Friday, August 31, 2012

Stuff I'm reading this weekend

Labor Day weekend, traditionally the last weekend of summer ...

It's a real grab-bag of stuff on my weekend reading list; grab a lawn chair and your favorite beverage and dig in ...

  • My good friend Andrew has a great piece up on a literacy campaign with a public transit theme: Wolves on BART. Beautiful!
  • In The Verge, Sean Hollister spins an insider's tale of the collapse of the gaming startup On Live: OnLive lost: how the paradise of streaming games was undone by one man's ego
    Steve Perlman convinced many players that OnLive was worth investing in, up to and including some employees who gambled their money knowing that the company wasn't making a dime. Everyone we spoke to believed in the power of the cloud.

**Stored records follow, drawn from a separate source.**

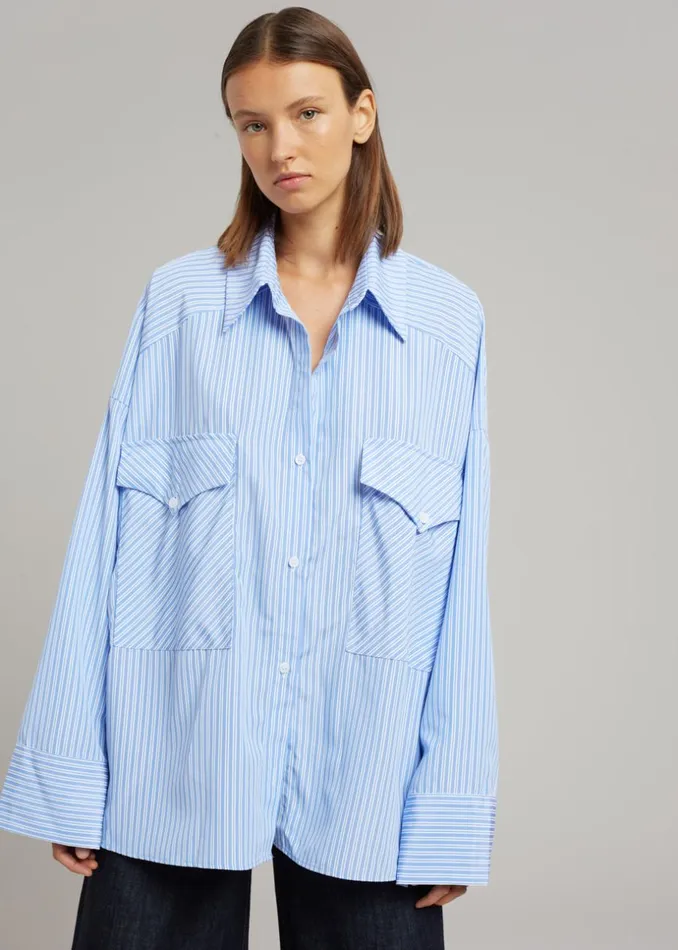 Women The Frankie Shop Tops Orson Pocket Shirt Blue Stripe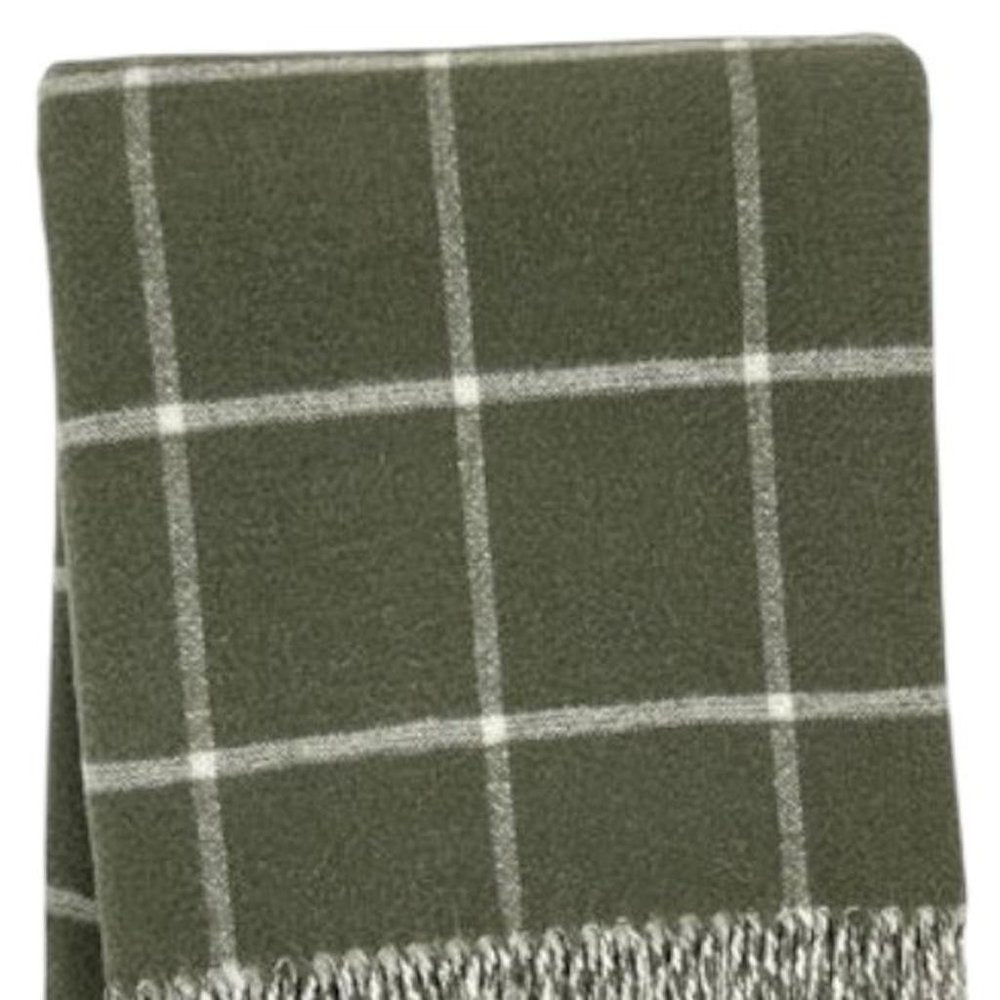 50" X 67" Olive Green And White Cotton Blend Woven Plaid Throw Blanket with Fringe HomeRoots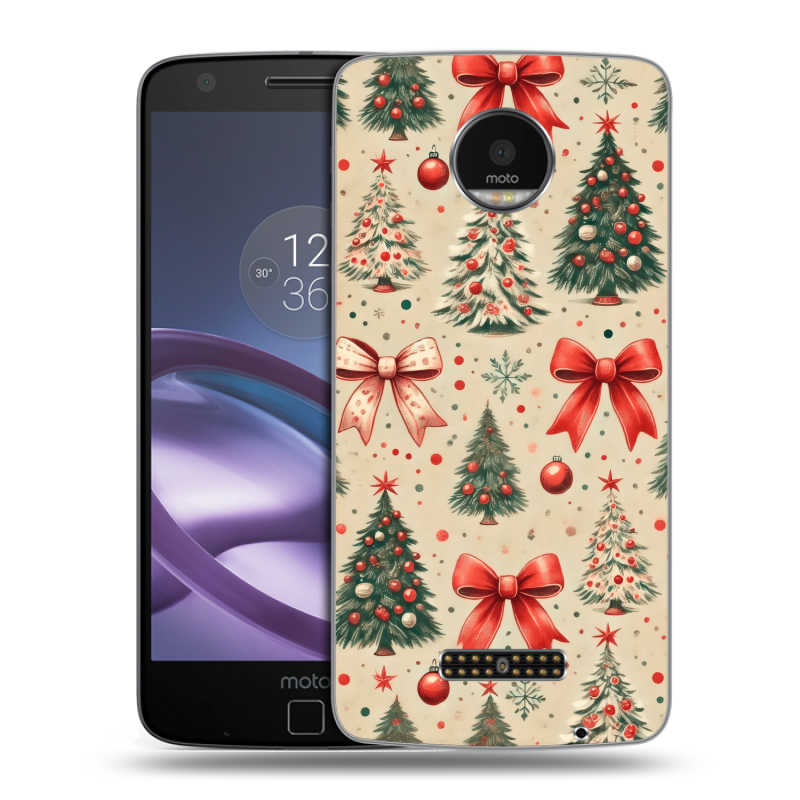 Пластиковый чехол на Lenovo Moto Z Force с принтом Новый год Пластиковый чехол на Lenovo Moto Z Force с принтом Новый год
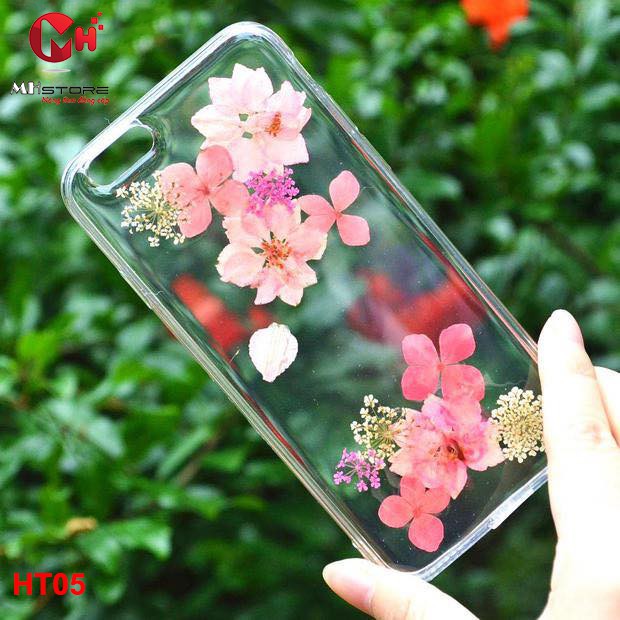 Ốp lưng hoa thật ép khô dành cho Iphone HT05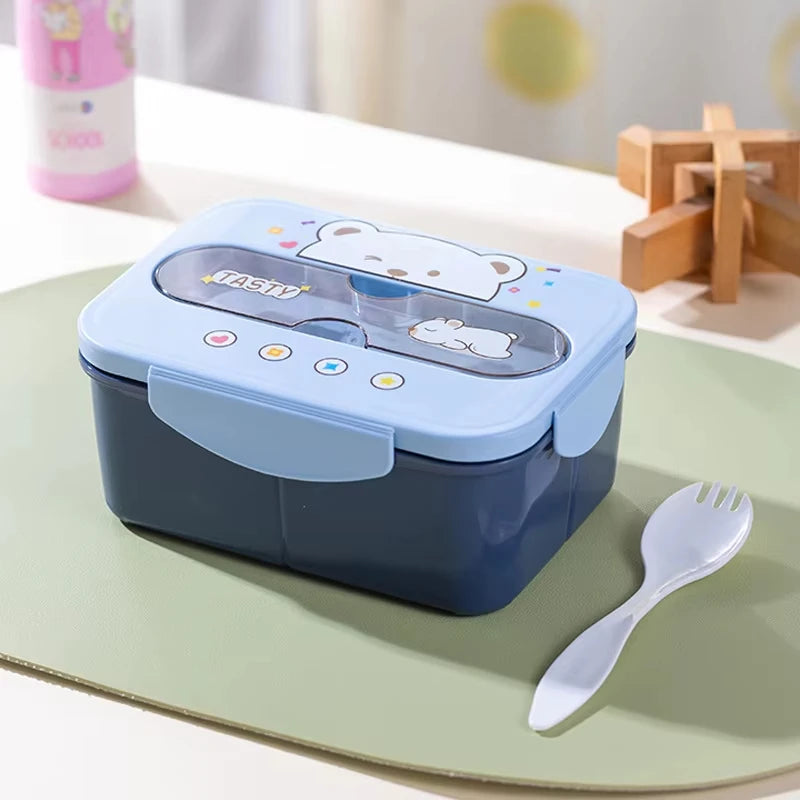 Microwave Safe Bento Box Food Grade Plastic Leak Proof Lunch Container With Cup Holder Office School Home Meal Prep Storage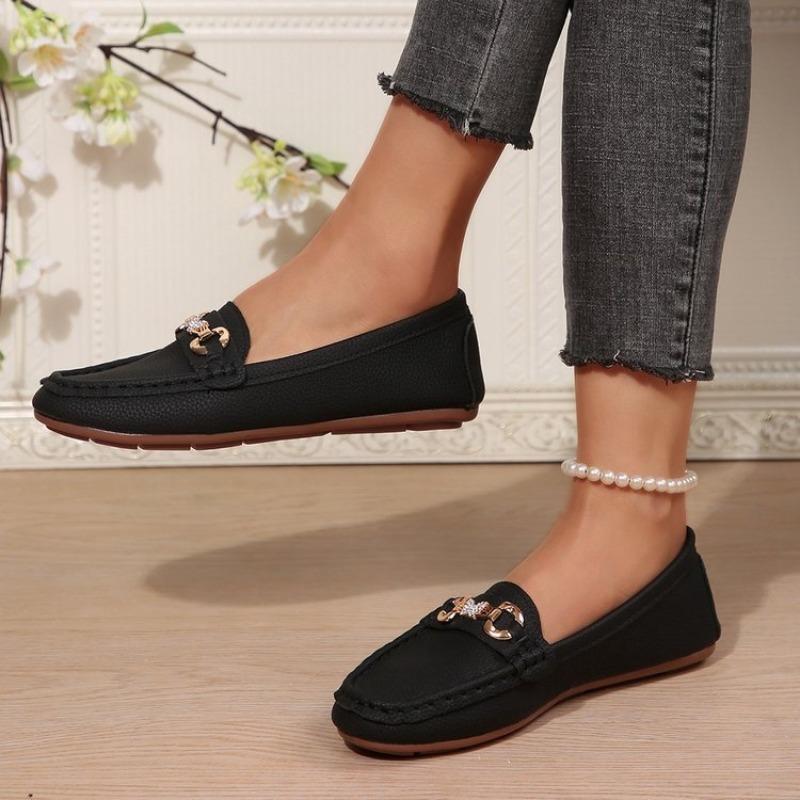New Large-sized Women's Shoes with A Round Toe, Shallow Opening, Low Heel and Flat Flat Casual Single Shoe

Everyone expected a savior around the corner, but when it came to realizing that vision, only Steve was holding the cards. In hindsight, said one employee, management didn't do such a bad job: "They managed to carry this thing four years longer than anyone thought they would."
  • Mark Bernstein's series of essays on NeoVictorian Computing are completely fascinating. He skewers the software industry for stagnation:
    Today, your software is my software. Some details might change: maybe you use Mellel and I use Word, or you use Excel and I use Numbers. Small differences matter. But it's all pretty much the same. People expect that they won't need to read a manual, that everything is just like it's always been and that nothing ever changes much.

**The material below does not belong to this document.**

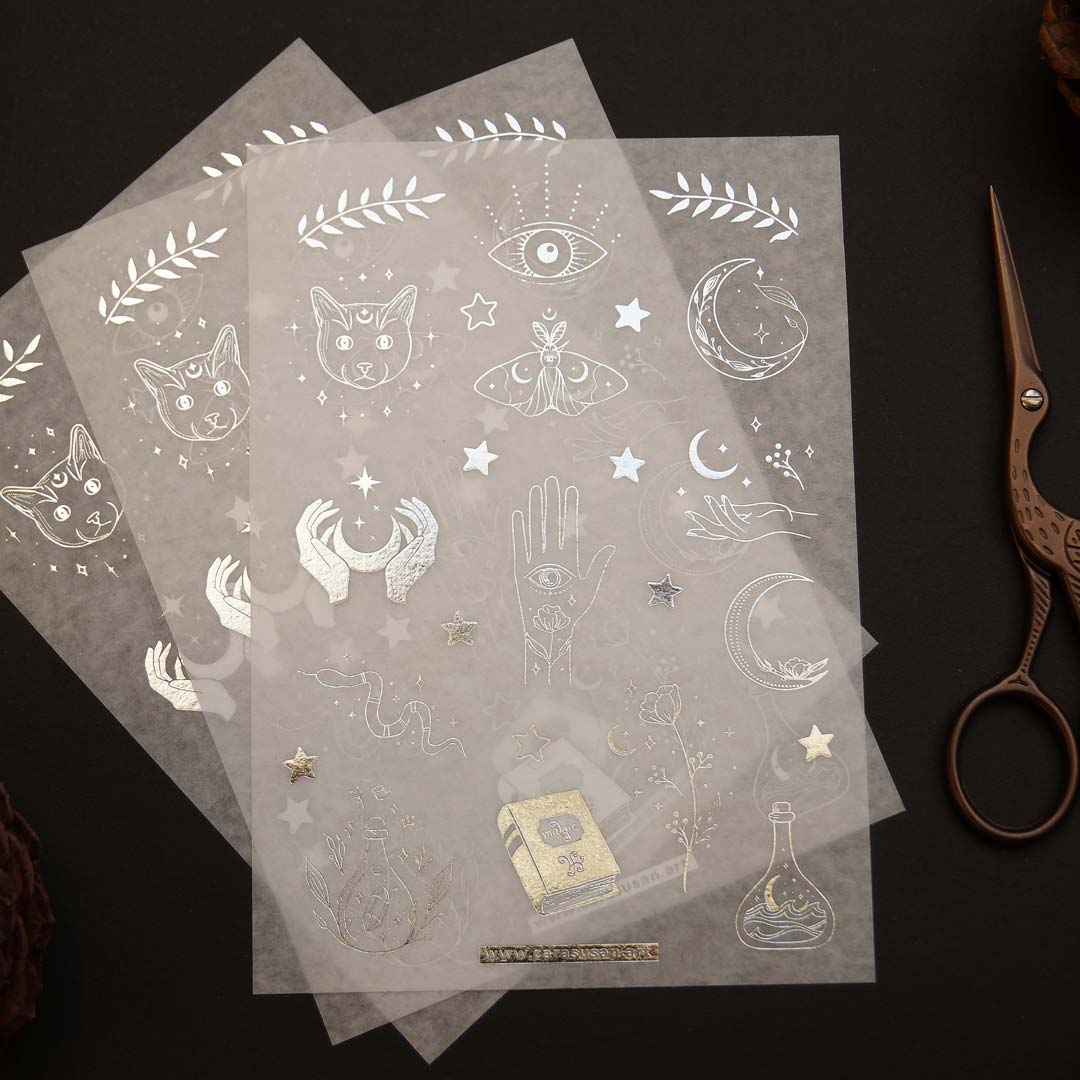 Washi-Sticker with silver foil 'Magical Symbols'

    Bernstein proposes that, to return to a world where software innovated and revolutionized and changed our perspective, we must be willing to experience some discomfort:

    I want this to change. I want a software world where we might again enjoy new software that does things we couldn't do before. I want software that fits specific needs. I'm a software professional; why should I be using the same tools as a sixth grader, or a professional photographer, or an interior decorator?

    Why do we have so little variety in our software? One reason is that we ask it to do what it cannot, and we expect to do too little.

    We should expect to learn. Sophisticated tools require study and effort, and they repay that effort by letting us do things we could not do otherwise. Calculus is a lot of work, but you can't understand physics or the stock market until you understand derivatives. Learning to draw the figure is a lot of work; once you do the work, you can draw.

  • You'll recall that I quite enjoyed Ernest Cline's Ready Player One, so it was fun to see that the Easter Egg Contest hidden in the physical paperback book itself is now complete.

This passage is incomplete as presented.